With this game I have finally played all the key 90s RPG classics. I attempted to play a few years ago but because the GOG version of the game ran so poorly in Windows 10, I gave up. This time around I found the Unofficial Arcanum Patch and that made most of the performance issues go away. That is, until the last stretch of the game in which characters began randomly to disappear from my party and saves became corrupted. I managed to complete the game by turning off the high-res patch and saving every few minutes, but, man, was that ever annoying.

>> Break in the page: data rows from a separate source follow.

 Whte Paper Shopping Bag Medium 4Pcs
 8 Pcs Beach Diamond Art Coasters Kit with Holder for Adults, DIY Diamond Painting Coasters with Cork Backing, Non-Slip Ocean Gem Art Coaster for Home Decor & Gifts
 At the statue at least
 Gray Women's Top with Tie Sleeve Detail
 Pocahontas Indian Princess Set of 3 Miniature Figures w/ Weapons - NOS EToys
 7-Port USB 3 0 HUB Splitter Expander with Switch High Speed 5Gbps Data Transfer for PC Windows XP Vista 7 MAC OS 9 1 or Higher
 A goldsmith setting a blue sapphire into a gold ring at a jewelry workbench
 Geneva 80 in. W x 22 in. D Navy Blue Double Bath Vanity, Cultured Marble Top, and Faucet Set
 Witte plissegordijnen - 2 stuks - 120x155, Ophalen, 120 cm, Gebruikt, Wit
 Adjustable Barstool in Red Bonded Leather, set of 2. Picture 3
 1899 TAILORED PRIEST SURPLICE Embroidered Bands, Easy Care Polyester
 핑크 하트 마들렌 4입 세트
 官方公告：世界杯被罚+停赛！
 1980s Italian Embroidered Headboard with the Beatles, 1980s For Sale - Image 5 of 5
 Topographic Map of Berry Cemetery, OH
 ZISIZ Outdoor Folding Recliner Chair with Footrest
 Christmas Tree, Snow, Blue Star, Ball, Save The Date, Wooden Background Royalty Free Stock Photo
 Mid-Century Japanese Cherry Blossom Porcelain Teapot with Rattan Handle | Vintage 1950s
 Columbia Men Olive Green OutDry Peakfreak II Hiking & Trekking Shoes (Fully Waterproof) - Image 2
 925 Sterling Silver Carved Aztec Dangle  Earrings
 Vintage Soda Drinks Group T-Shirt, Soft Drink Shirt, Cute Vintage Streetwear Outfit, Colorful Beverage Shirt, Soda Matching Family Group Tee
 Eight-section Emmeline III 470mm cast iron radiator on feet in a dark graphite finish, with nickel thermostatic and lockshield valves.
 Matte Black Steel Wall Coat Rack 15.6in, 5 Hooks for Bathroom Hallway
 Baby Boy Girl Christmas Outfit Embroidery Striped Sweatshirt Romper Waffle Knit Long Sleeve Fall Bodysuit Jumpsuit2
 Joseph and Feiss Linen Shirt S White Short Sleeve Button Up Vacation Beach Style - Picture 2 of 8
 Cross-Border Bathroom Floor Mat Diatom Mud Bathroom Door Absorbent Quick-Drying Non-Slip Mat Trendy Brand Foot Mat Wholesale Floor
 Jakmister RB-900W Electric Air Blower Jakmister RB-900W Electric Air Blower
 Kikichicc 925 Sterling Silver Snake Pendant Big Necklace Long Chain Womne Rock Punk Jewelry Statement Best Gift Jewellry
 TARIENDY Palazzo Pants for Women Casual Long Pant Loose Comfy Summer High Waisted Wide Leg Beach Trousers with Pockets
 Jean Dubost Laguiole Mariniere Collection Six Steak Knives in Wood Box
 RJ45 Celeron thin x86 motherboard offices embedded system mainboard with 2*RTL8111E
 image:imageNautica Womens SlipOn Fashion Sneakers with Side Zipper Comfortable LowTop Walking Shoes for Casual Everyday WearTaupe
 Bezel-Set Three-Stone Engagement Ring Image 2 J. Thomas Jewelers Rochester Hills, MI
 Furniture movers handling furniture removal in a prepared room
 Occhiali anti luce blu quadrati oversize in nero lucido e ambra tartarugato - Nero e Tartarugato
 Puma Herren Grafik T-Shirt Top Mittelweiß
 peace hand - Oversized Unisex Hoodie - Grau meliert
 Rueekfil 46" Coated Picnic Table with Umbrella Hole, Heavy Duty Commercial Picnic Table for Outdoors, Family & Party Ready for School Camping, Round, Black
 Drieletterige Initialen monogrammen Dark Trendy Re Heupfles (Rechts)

The main selling point of Arcanum is its steam punk setting. It’s the technology of the Nineteenth Century mixed with magic and the stereotypical fantasy races. In the end it just feels like another D&D style fantasy game where you have to defeat the evil wizard, etc. I was a magic, sorry magick user so the technology stuff had little impact on my play style. Aside from the opening sequence, in which a blimp is destroyed by planes, and the occasional reference to trains this might as well have been Middle Earth. For a truly steam-punk RPG play the excellent Ultima: Martian Dreams.
The main quest line is okay. It does eventually degenerate into the aforementioned cliché of defeating the evil wizard but there are plenty of little side quests in every region to keep things interesting. Much like Fallout at the end of the game you get a recap of all the good deeds you accomplished, so it pays to offer your help wherever you travel. There are lots characters and lots of possible dialogue interactions, and, because I focused on charisma, I was able to talk my way out of many-a-problem. It could get a bit wordy at times but that can be expected of games of this vintage.
Arcanum uses the same engine as Fallout 1 & 2 but has a janky combat system that’s sort of turn-based and sort of real-time. It works most of the time, but once your characters are leveled high enough it just becomes, “point at the thing and it will die.” Despite its flaws I found the combat to be fun or, at the very least, satisfying.
The main problems with this old-school interface were inventory management (especially dealing with your party members), navigating the zoomed-out map, and moving around on screen with limited visibility. I think Arcanum is still worth playing if you can tolerate its technical flaws and its failure to live up to its setting’s potential.